Fashion’s place during wartime is about as hotly contested as the debate is morally unnerving. Should brands use their platforms for artistic commentary on major issues or should they stay in their lane, quietly shuffling haute couture-adorned models down runways? It’s a question that grates designers and consumers alike: A brand’s warped expression of corporate empathy during a time of need sometimes feels emptier than silence. Although we’ve repeatedly asked high fashion labels to stop making half-hearted activist statements that cause more ire than awareness, many still feel the need to comment when they could say nothing at all.
Last week, during an uncomfortably timed Paris Fashion Week, Balenciaga attempted to tackle this conundrum as it presented its striking fall 2022 show. From within a constructed snow globe, complete with shivering models lugging trash bags, the show offered looks through a contrived snow storm rife with flashes of light. Balenciaga’s creative director Demna’s apparent goal was to dedicate the show to displaced Ukrainians. Those shivering models? Assumed Ukrainian refugees fleeing with their belongings in tow. The flashes of light? Perhaps an ode to bombs streaking the sky as civilians took cover with their families in bomb shelters.
Demna had reportedly entertained the idea of canceling the show altogether, which was initially set to be a commentary on climate change, according to the New York Times. Instead, the former refugee of Georgia said he “realized canceling this show would mean giving in,” so he had t-shirts made with the colors of the Ukrainian flag draped on every seat in the house, along with a note that explained that the global crisis raging on the other side of the world had “triggered the pain of a past trauma I have carried in me since 1993, when the same thing happened in my country and I became a forever refugee.” A poem was also read in Ukrainian at the beginning of the show.
Both the show and designer have received praise for grappling with an impossible situation.

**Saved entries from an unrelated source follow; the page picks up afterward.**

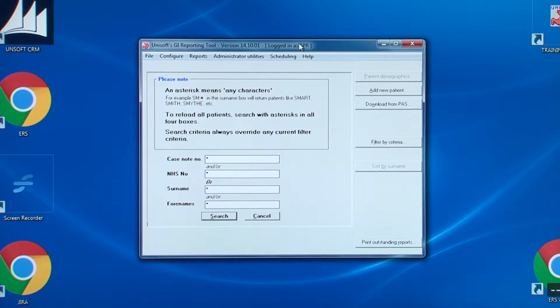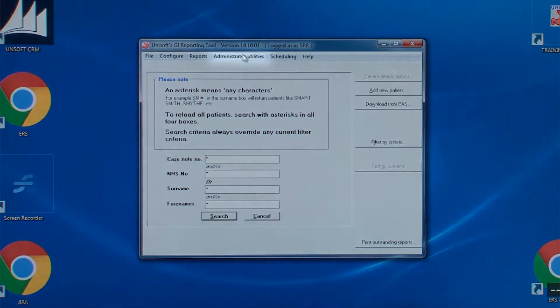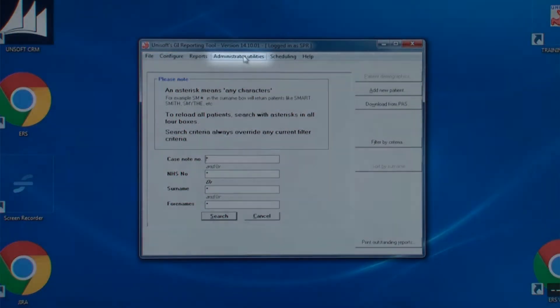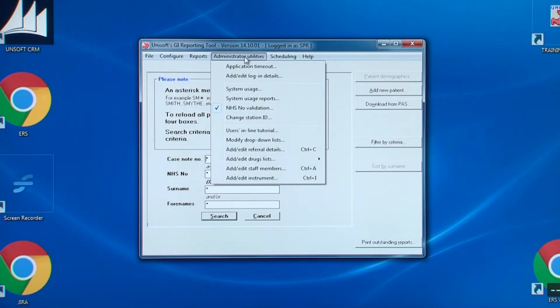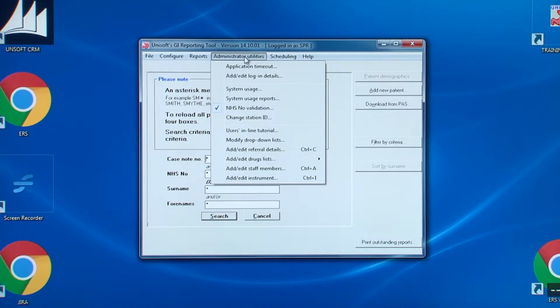That covers the configuration menu. So now let's look at the administrator utilities. This menu is enabled if admin or an administrator is logged in. It will be greyed out if a regular or read only user is logged in.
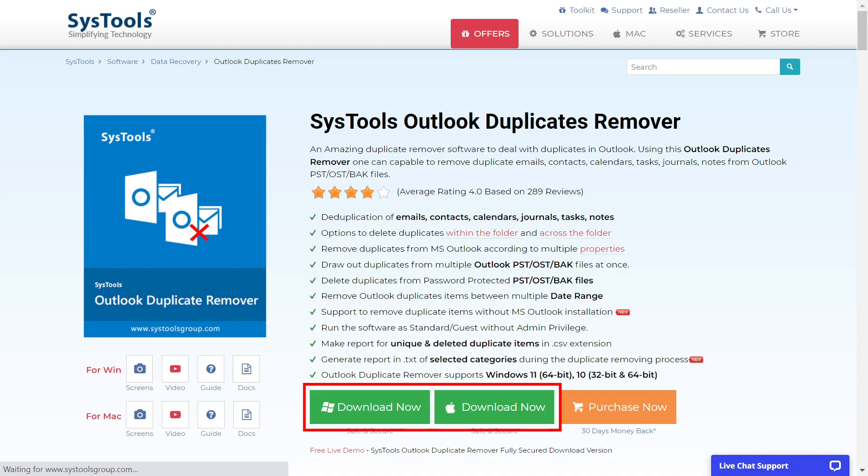Here you have two buttons to download the software for Windows and Mac versions. So we are going with Mac version. Then click on the download button.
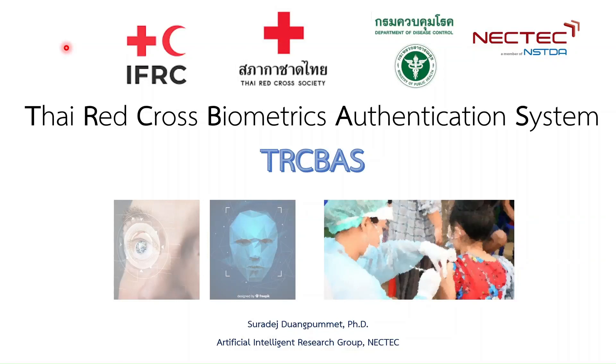Hello, my name is Sudhadev Duangpramote, a researcher and project manager from National Electronics and Computer Technology Center or NECTEC.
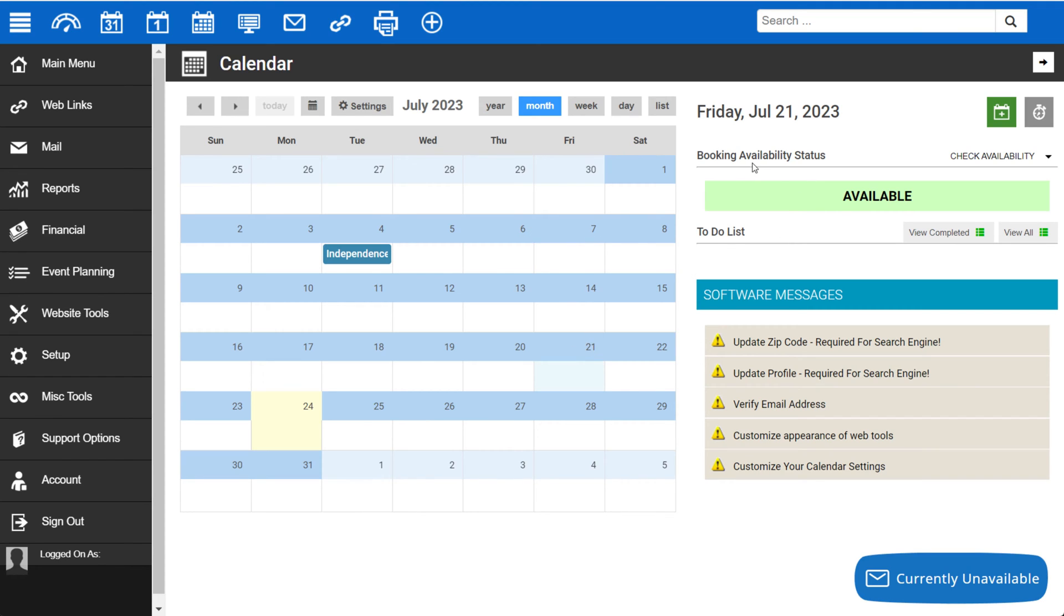On the side here, you'll be able to see specific messages regarding availability if you have that set up, your to-do list, next actions, appointments, as well as important software messages.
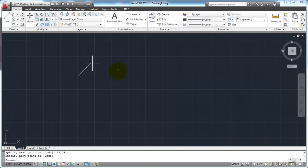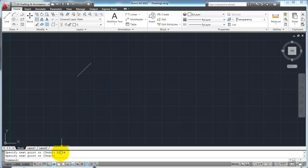Again, absolute coordinates are not very realistic — you're not going to use them very often. When you get into some geography or mapping work you might use them, but for most people you'll never use them. At least now you know how that works. Now relative coordinates are very similar to absolute coordinates, except your starting point is relative to the last point you picked, as opposed to 0,0 in the AutoCAD workspace.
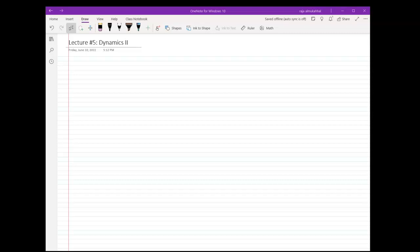Hello and welcome to lecture number five, Dynamics 2. This is a continuation of the previous lecture where we will be doing more problems. We will be covering chapters six and seven. Last lecture we covered five and six; now we're going to continue with six and then seven as well.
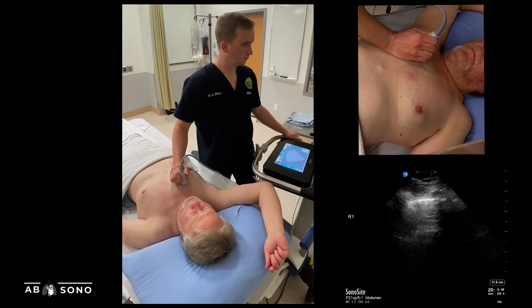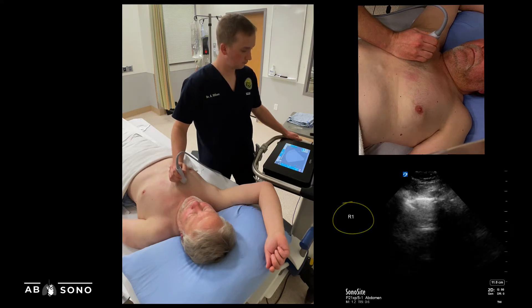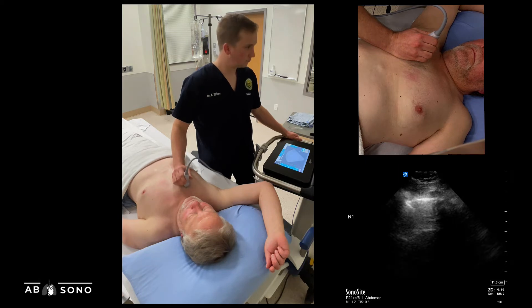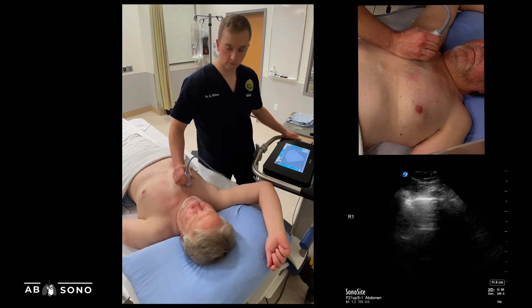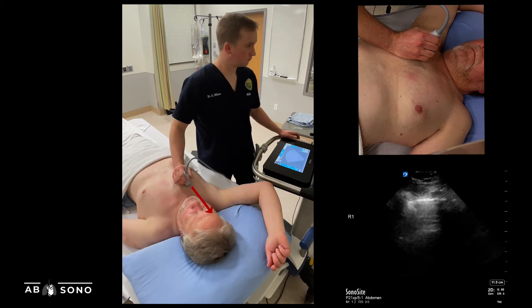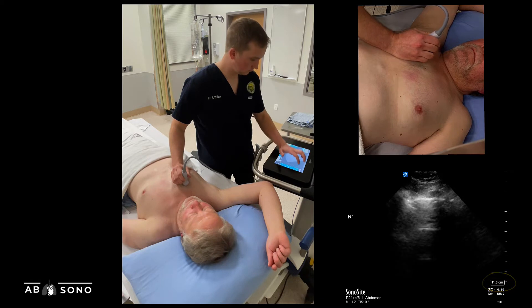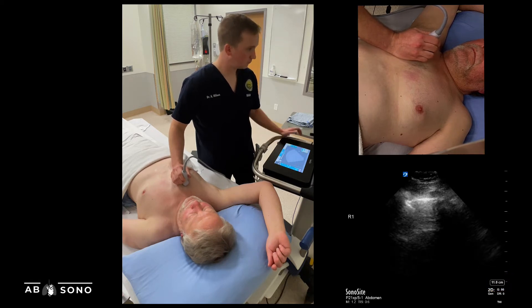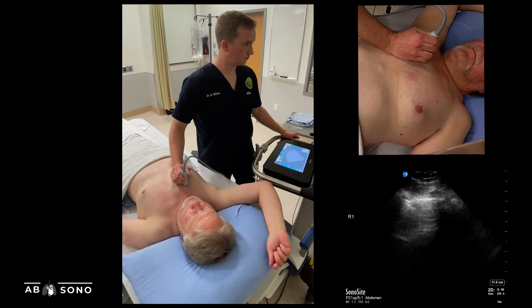The first zone is denoted R1 or L1, with letters R and L indicating laterality. This can be obtained by placing the probe at the second intercostal space in the mid-clavicular line, with the marker dot pointed towards the patient's head. The depth should be set at around 10 cm, adjusted for body habitus, with the aim to visualize both the pleural line and determine whether an A- or B-line pattern exists. Excessive depth will make pleural line assessment challenging and should be avoided.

Everywhere from Diet Prada to the Times offered verbal applause for the show, with the latter going as far as to call Demna “the greatest scenographer in fashion, and its most fearless.” Like celebrities—arbiters of some of the most cringe-inducing social commentary memorialized on the internet—fashion brands often find themselves in a vat of quicksand when geopolitical events take place: They’re damned if they don’t comment and damned if they do, even more so when they get the message ass-backwards. Of course, driving awareness for a humanitarian crisis and to funds that support that crisis are good. Forcing fashion consumers not to disassociate while they nestle in for a show of glitz and contemporary glamor is good. But the hypocrisy inherent in the industry is just too much to forgive so quickly.
While a stunning display of solidarity at the highest level of artistry and craftsmanship, the Balenciaga show still encouraged the act of othering—suggesting that attendees gaze inside the brand’s magical snow globe with its swirling tundra and reflect back upon their own less-than-humble circumstances with disdain and guilt. There is no real call to action, just a call to observe the isolating feeling of “us” and “them.”
That’s not to say that the show—or the fashion industry at large—are useless when current events inevitably bleed onto the runway. Model Gigi Hadid acknowledged that the show often must go on during “heartbreaking and traumatic times,” then pledged to donate her earnings from the Fall 2022 runway shows to those suffering in Ukraine, along with the ongoing Israeli-Palestinian conflict. Balenciaga, for its part, has also directed its Instagram traffic to websites and funds where loyalists can donate to support refugees.
But the fact that Kim Kardashian’s Balenciaga-branded bondage (and questions of how she might pee in it) garnered far more coverage than the brand’s mission-based show further proves that consumers aren’t necessarily demanding this level of activism from fashion.
Balenciaga made a dent in an industry that often seeks to remain silent, and it’s not so much that the message is wrong. It’s that it doesn’t sit all the way right. High fashion will have to continue working through its hypocrisies, however slowly, out in the open where we can all see—even when we don’t want to.